Reproduce exactly only the lines from the line that holds "a white bedroom" to the line that holds "unfurnished bedroom featuring", inclusive, in the listing below, and please leave out every picture.

#### Data for analysis:
--- START ---

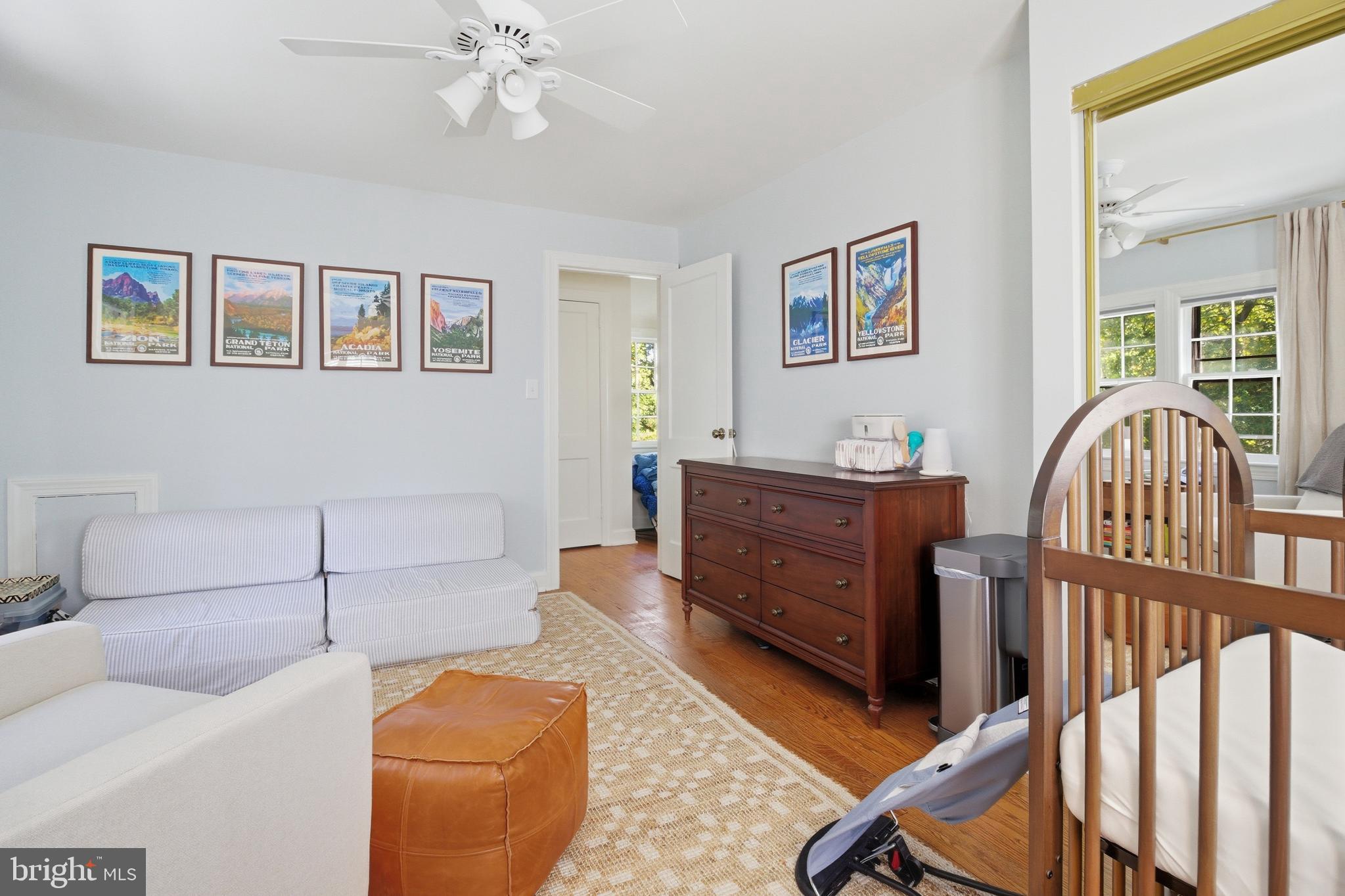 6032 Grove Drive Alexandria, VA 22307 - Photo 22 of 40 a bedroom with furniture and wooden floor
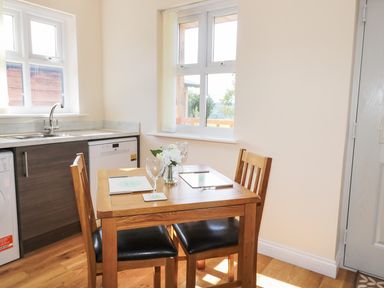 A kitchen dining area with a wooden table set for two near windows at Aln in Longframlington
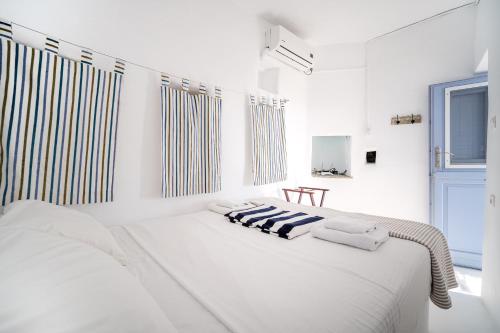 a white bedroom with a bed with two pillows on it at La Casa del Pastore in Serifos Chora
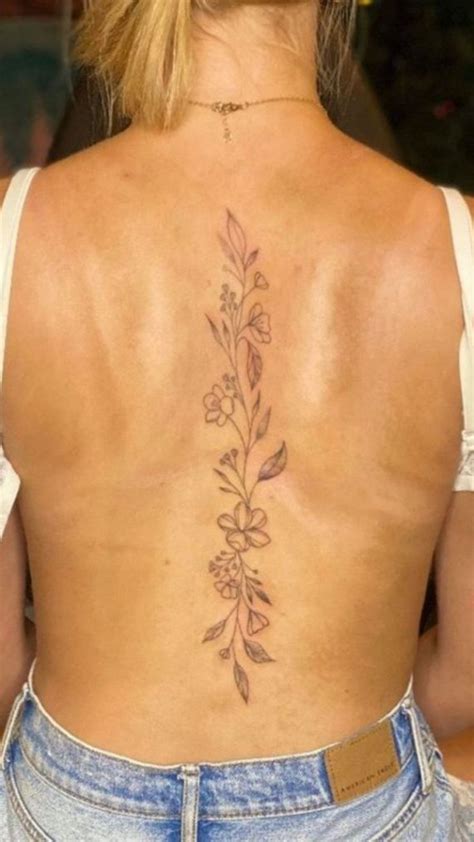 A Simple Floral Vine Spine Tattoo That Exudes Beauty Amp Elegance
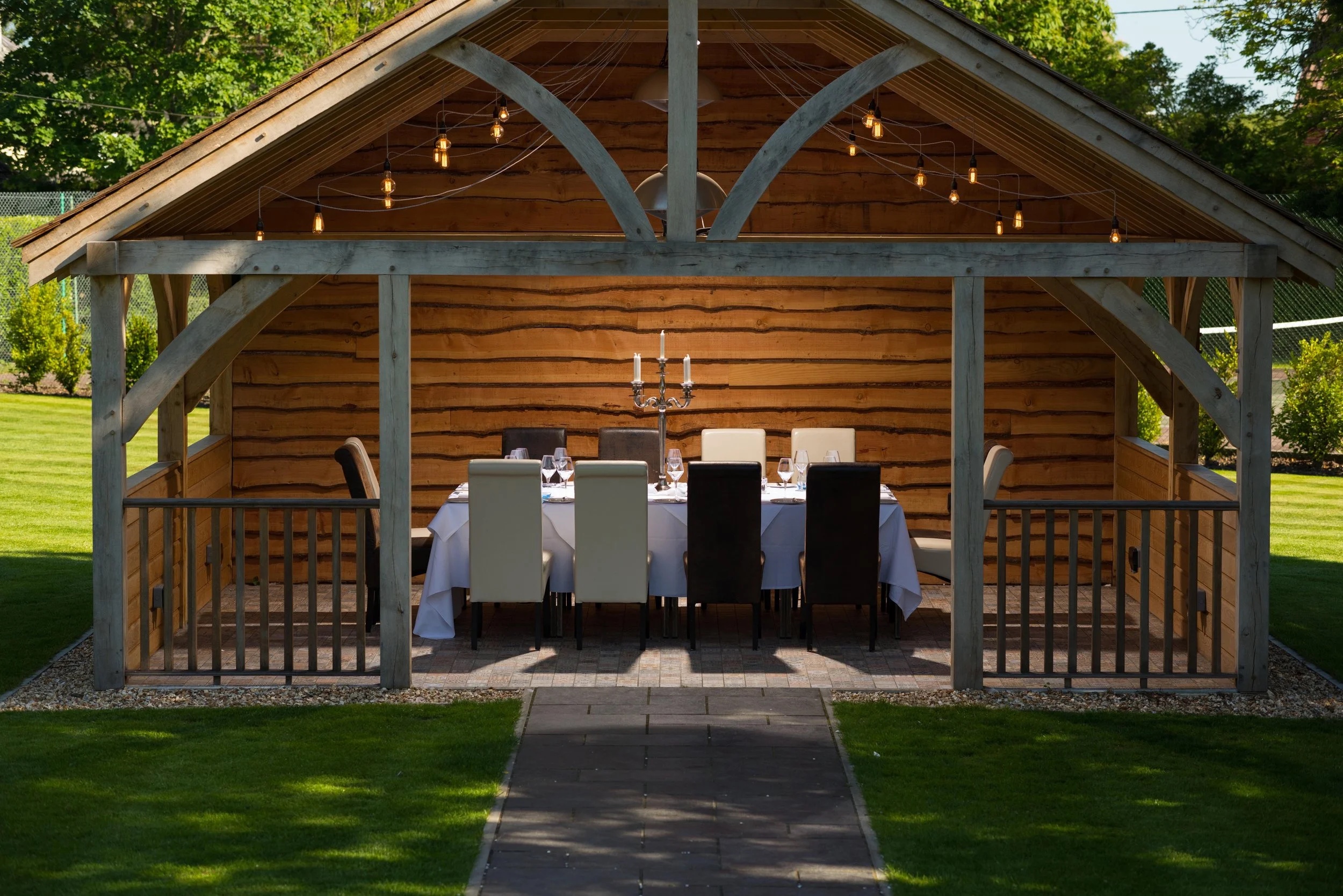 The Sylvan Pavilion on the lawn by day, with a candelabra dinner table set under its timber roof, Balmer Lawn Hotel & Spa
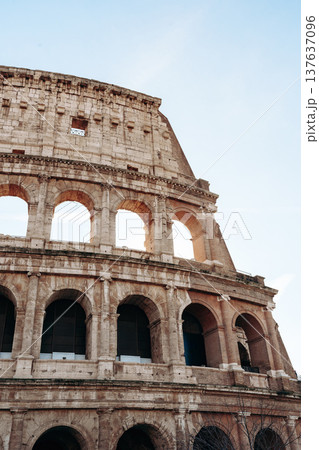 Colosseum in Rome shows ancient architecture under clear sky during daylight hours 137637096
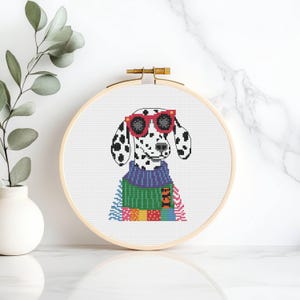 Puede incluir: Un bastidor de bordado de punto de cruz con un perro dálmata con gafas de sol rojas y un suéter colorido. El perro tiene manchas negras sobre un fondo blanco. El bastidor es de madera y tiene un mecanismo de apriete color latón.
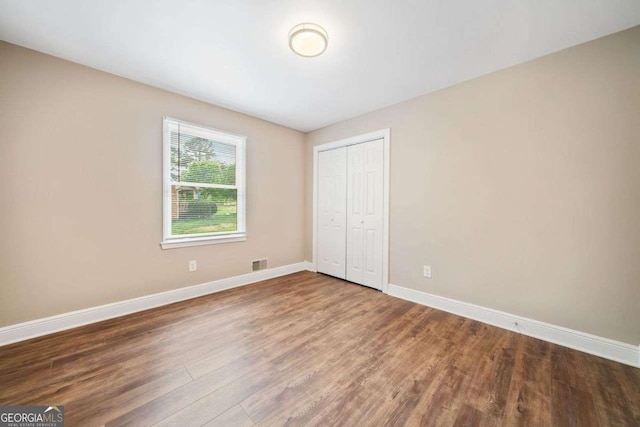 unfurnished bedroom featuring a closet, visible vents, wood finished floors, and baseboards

--- END ---
--- START ---

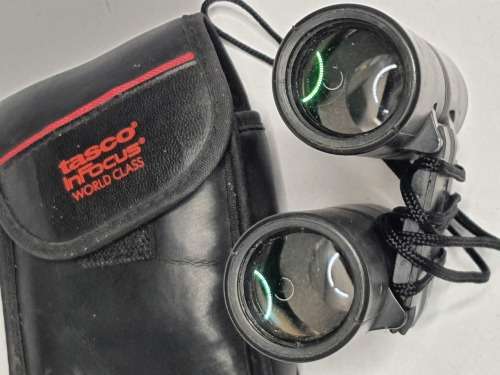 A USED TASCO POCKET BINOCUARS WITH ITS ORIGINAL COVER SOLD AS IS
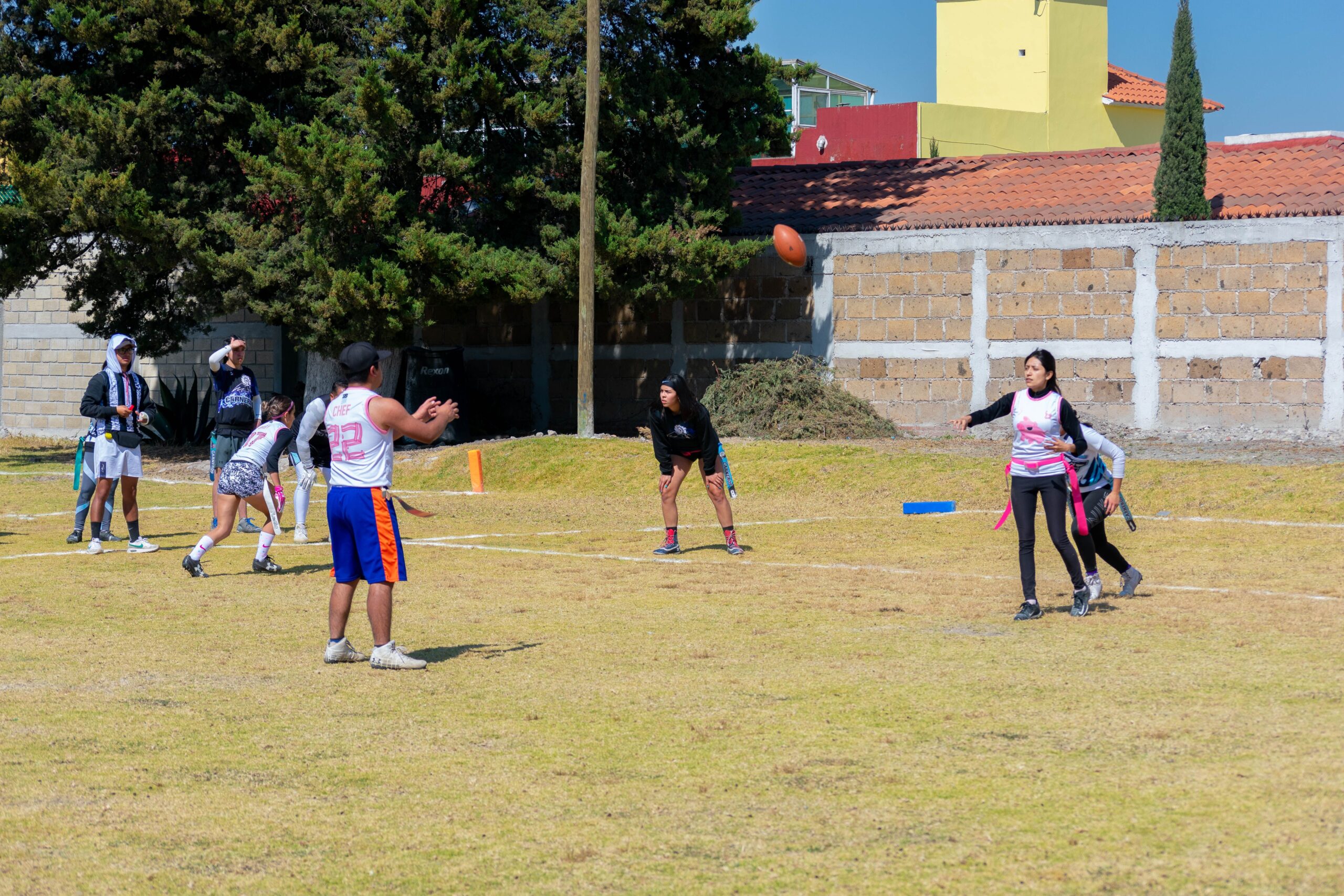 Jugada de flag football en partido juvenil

--- END ---

#### Answer below:
 a white bedroom with a bed with two pillows on it at La Casa del Pastore in Serifos Chora
 A Simple Floral Vine Spine Tattoo That Exudes Beauty Amp Elegance
 The Sylvan Pavilion on the lawn by day, with a candelabra dinner table set under its timber roof, Balmer Lawn Hotel & Spa
 Colosseum in Rome shows ancient architecture under clear sky during daylight hours 137637096
 Puede incluir: Un bastidor de bordado de punto de cruz con un perro dálmata con gafas de sol rojas y un suéter colorido. El perro tiene manchas negras sobre un fondo blanco. El bastidor es de madera y tiene un mecanismo de apriete color latón.
 unfurnished bedroom featuring a closet, visible vents, wood finished floors, and baseboards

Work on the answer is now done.